Quiconque a eu l'occasion de feuilleter des copies d'élèves ou de collégiens dans les matières littéraires a pu constater que le niveau de maîtrise de la langue française a désormais atteint un seuil de "déconstruction" presque absolu et sans doute irrémédiable pour plusieurs générations. Récemment, j'ai pu jeter un œil sur une de ces copies (une dissertation de français de classe de première) où se détachait un coruscant "
il aurait mourru" et où les mots étaient visiblement confondus les uns avec les autres : transporter à la place de transposer (l'auteur analysé y
transportait la réalité), résoudre à la place de rétablir (on y voyait la justice
résoudre la loi...) le tout sous la mitraille ininterrompue de fautes qu'on pourrait qualifier d'ordinaires et qui n'étaient même plus corrigées. Note : 15/20. Mais un autre devoir, de même facture, avait obtenu un 6/20, comme si les notes ne traduisaient plus que l'humeur du moment de la
professoressa.
Mais, dans le même temps, j'observe que les causettes de la vie sociale, quand elles tournent autour des études des enfants ou des jeunes, livrent très souvent la constatation suivante : "Oh, lui (ou elle), le français, c'est vraiment pas son fort, mais alors par contre il (ou elle) est très bon en maths.", ce qui est un baume au cœur de ces braves naïfs et leur permet de garder espoir. C'est bien simple, les cohortes d'illettrés se sont changées en colonnes de "matheux"...

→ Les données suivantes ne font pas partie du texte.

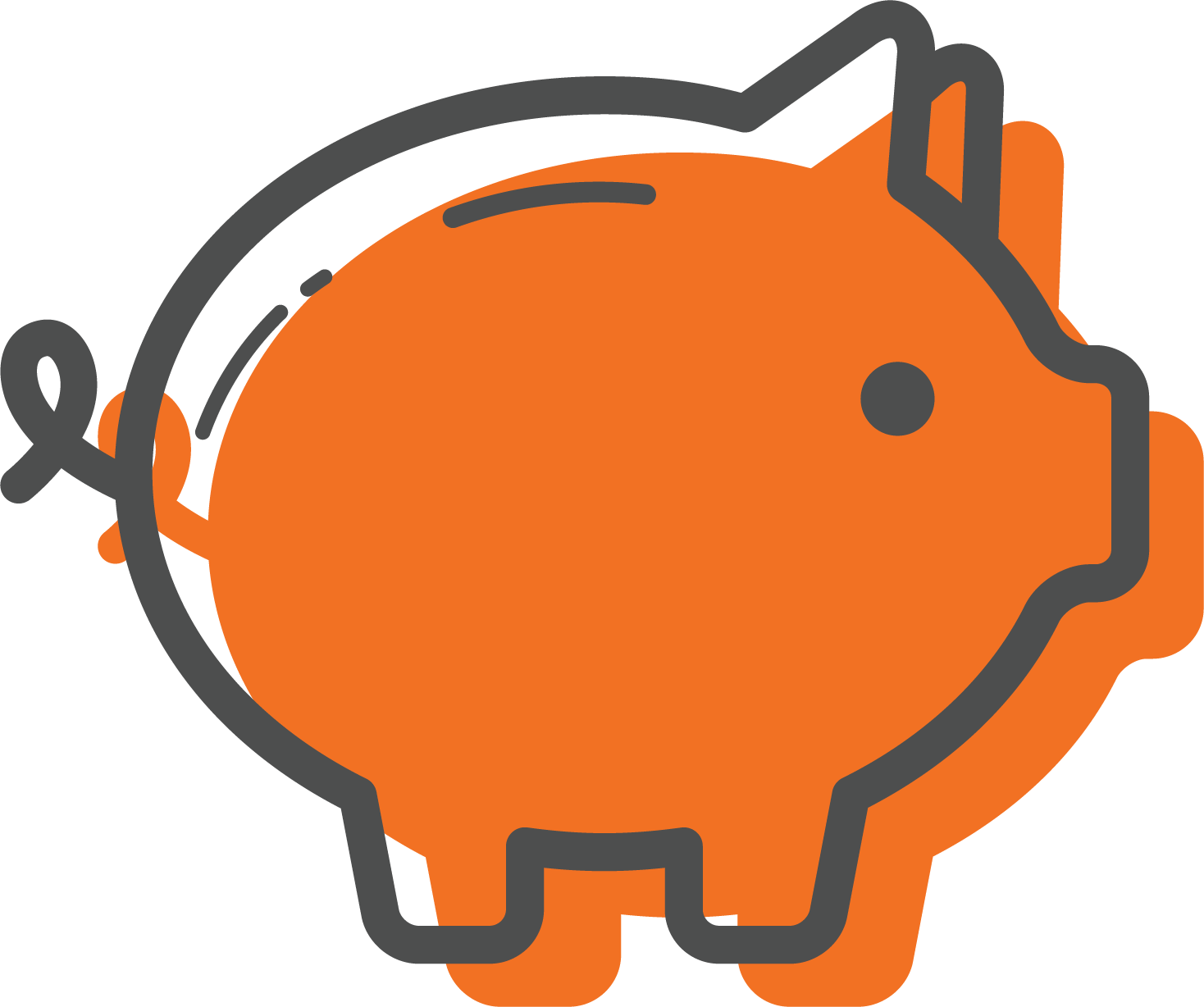 Tenha Acesso Ao Clipart (1468x1228), Png Download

Il va sans dire que cela tient simplement au fait que les parents sont incapables de juger du niveau des mathématiques en question dans lesquelles leur progéniture excelle prétendument, tandis qu'ils voient bien (encore) que quelque chose cloche avec le français. Or, il suffit de discuter avec un professeur de mathématiques à l'Université pour apprendre que la première année de fac se passe presque exclusivement en reprise du programme des trois années de lycée, après quoi le gros des troupes des "matheux" chimériques sont vite réorientés vers ce à quoi leur "esprit scientifique" les a en réalité préparés : une quelconque formation de techniciens, de lecteurs de modes d'emploi, de surveillants de la bonne marche des robots qui feront le vrai travail à la place de leurs petits esclaves humains, privés de tout l'esprit critique qu'auraient pu leur infuser la maîtrise de la langue, de la littérature et de l'histoire.